We’re thrilled at the reception RECAP has gotten in its first few hours. Among the notable reactions, Techcrunch discusses the legal issues and concludes that using RECAP doesn’t violate copyright law. RECAP is a hot topic of conversation at Slashdot. CNet also weighed in, highlighting one of the challenges RECAP may face in the coming months:
There are some potential problems. One is that because the RECAP developers plan to make the source code available, it wouldn’t be hard for someone to seed the Internet Archive with “official court documents” that had been modified in some way. (The answer is for users to pay to download important files from PACER, or for the courts to employ digital signatures.)
Techdirt calls RECAP “ingenious”, and concludes that “this is a fantastic idea that hopefully will help to open up public domain court information that has been locked behind PACER’s paywalls for too long.”

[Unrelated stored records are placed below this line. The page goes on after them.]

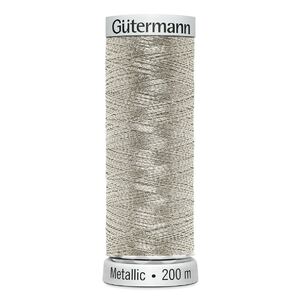 Gutermann Metallic #7001 SILVER, 200m Machine Embroidery Thread
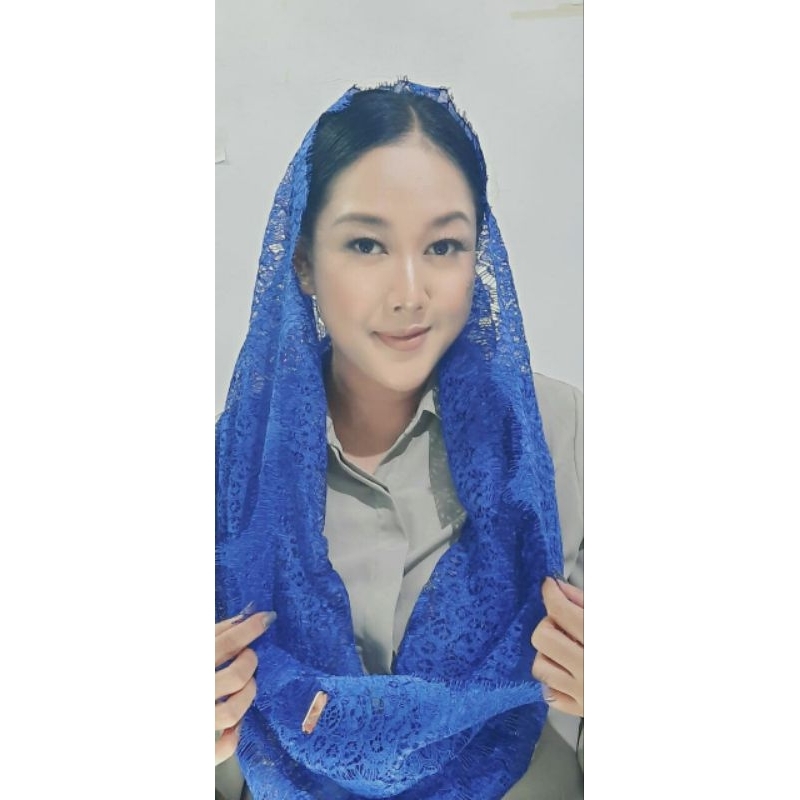 hijab brokat,hijab instan, Lace hijab premium BIRU ELEKTRIK,hoodie hijab,hijab brukat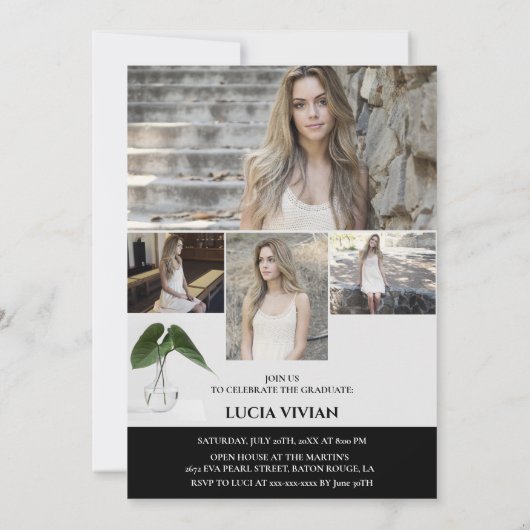 Invitation Plante classique Script de pot 5 Mémoire photo Gra (Dos)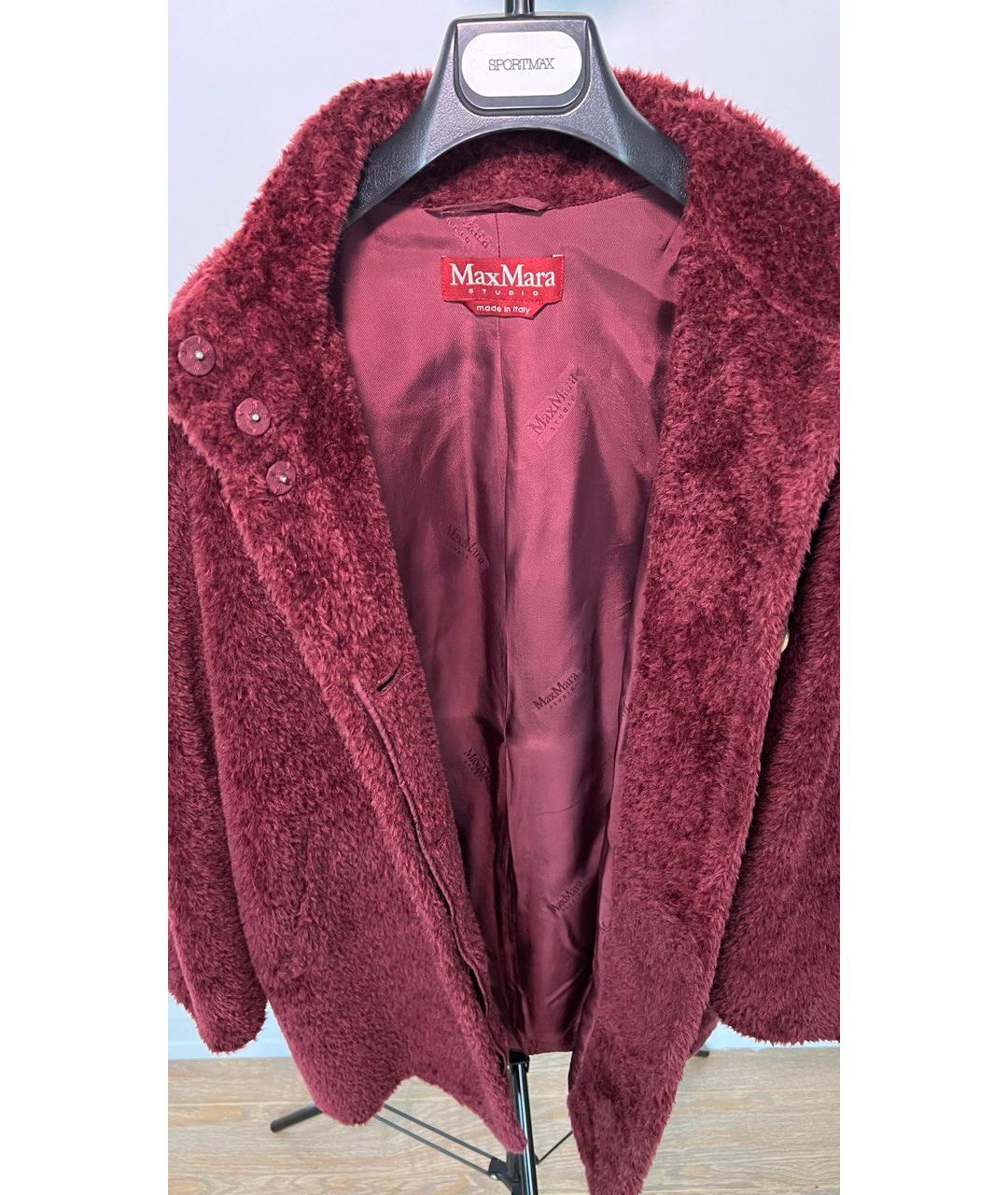 MAX MARA STUDIO Бордовое шерстяное пальто, фото 3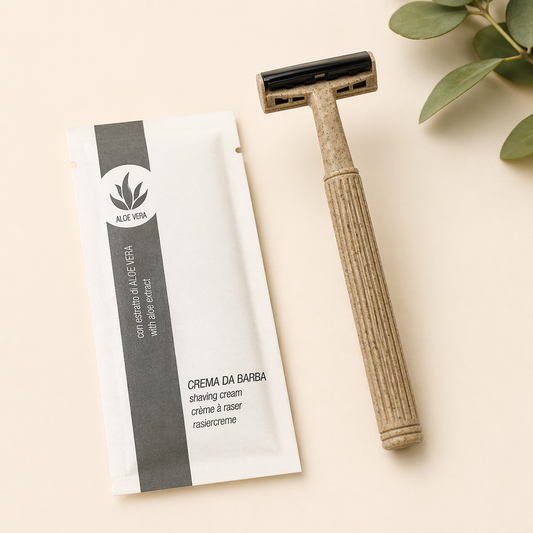 Kit de rasage Aloe BIO - rasoir en paille de blé Écologique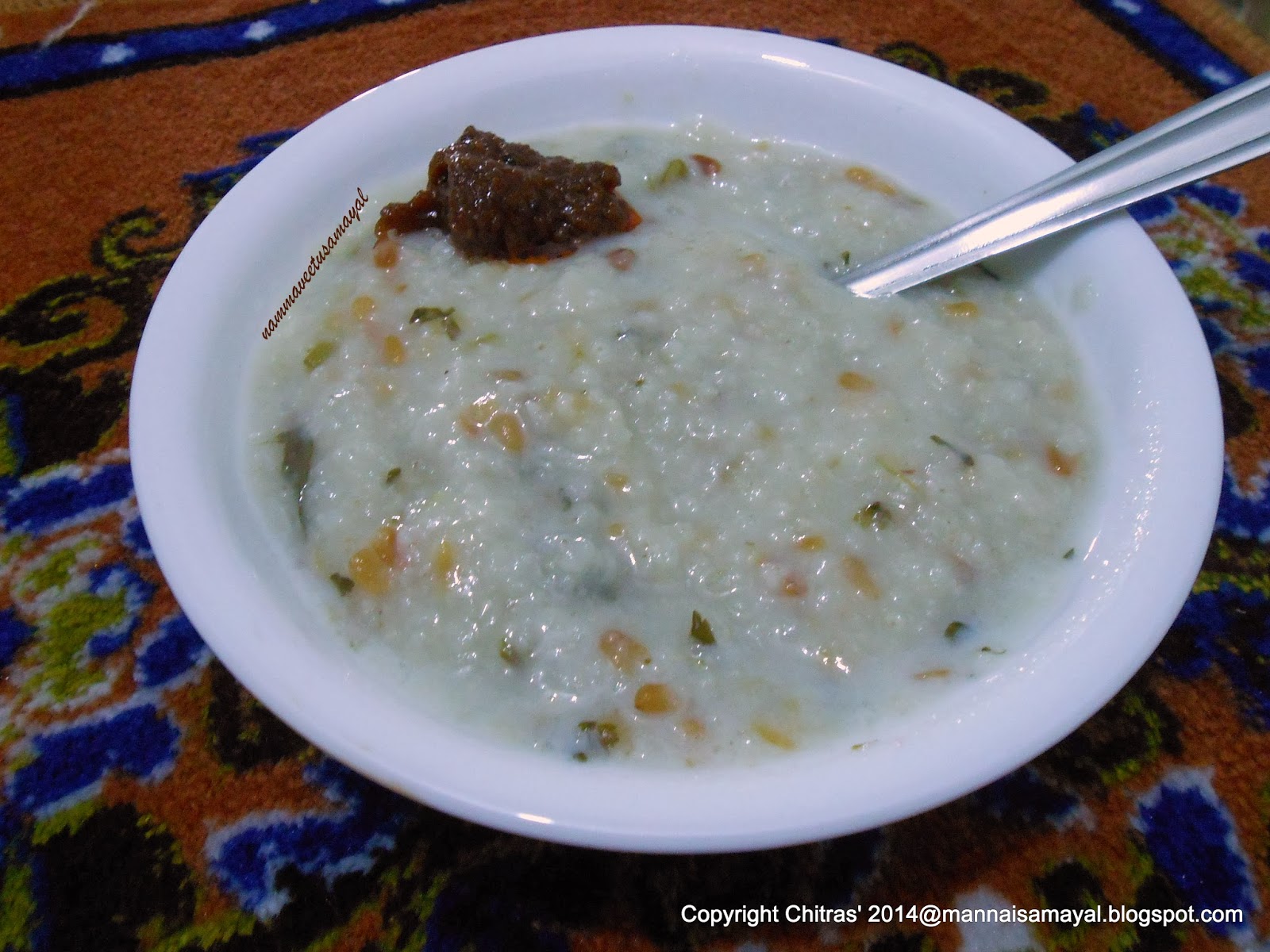 Varagarisi Venthaya Kanji [ Kodo millet fenugreek Gruel ]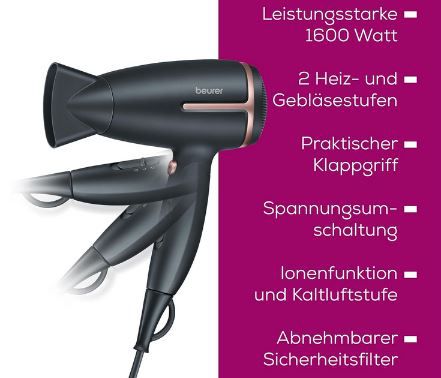 Beurer HC 25 Reisehaartrockner mit Ionenfunktion für 16,79€ (statt 22€)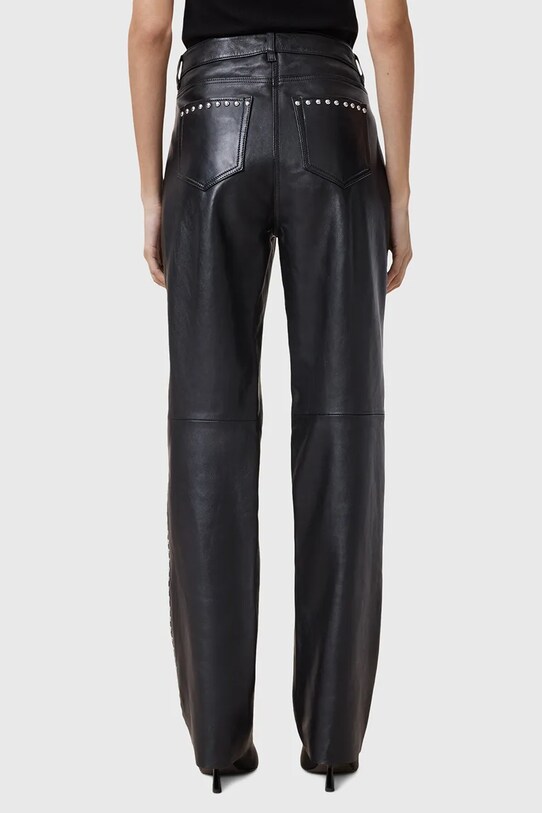 Δερμάτινο παντελόνι AllSaints SAIGE W031TC μαύρο
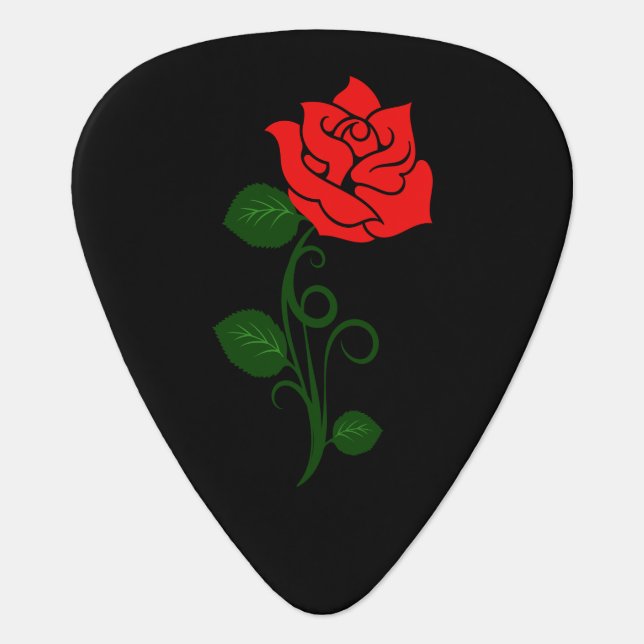 Red Rose Guitar Pick (Front)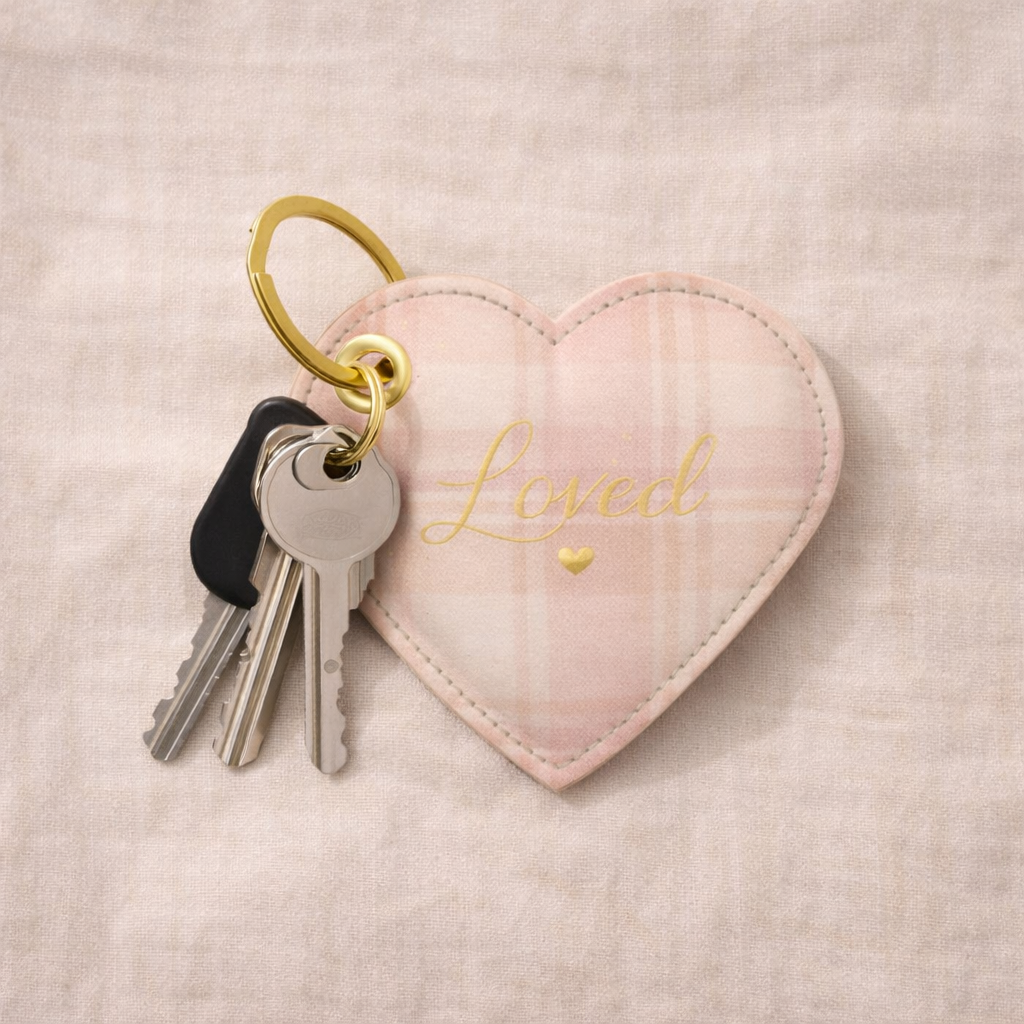 Loved | Plaid Heart Leather Keychain | Soft Life Society™ Affirmation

Finally, Ars Technica does its usual thorough job of covering RECAP, writing:
The RECAP project could also illuminate potential solutions to the problems that are blocking a more complete PACER overhaul. Despite growing pressure from Congress to reform the PACER system and make data available at no cost, the courts are still reluctant to make major changes to the system because of uncertainty about the cost and the technical challenges of hosting and distributing the data. The RECAP project’s effort to mirror a portion of PACER could help answer those questions and provide a real-world model that demonstrates the viability of open access.
Thanks to everyone for help spreading the word about RECAP. This project can’t succeed without your help.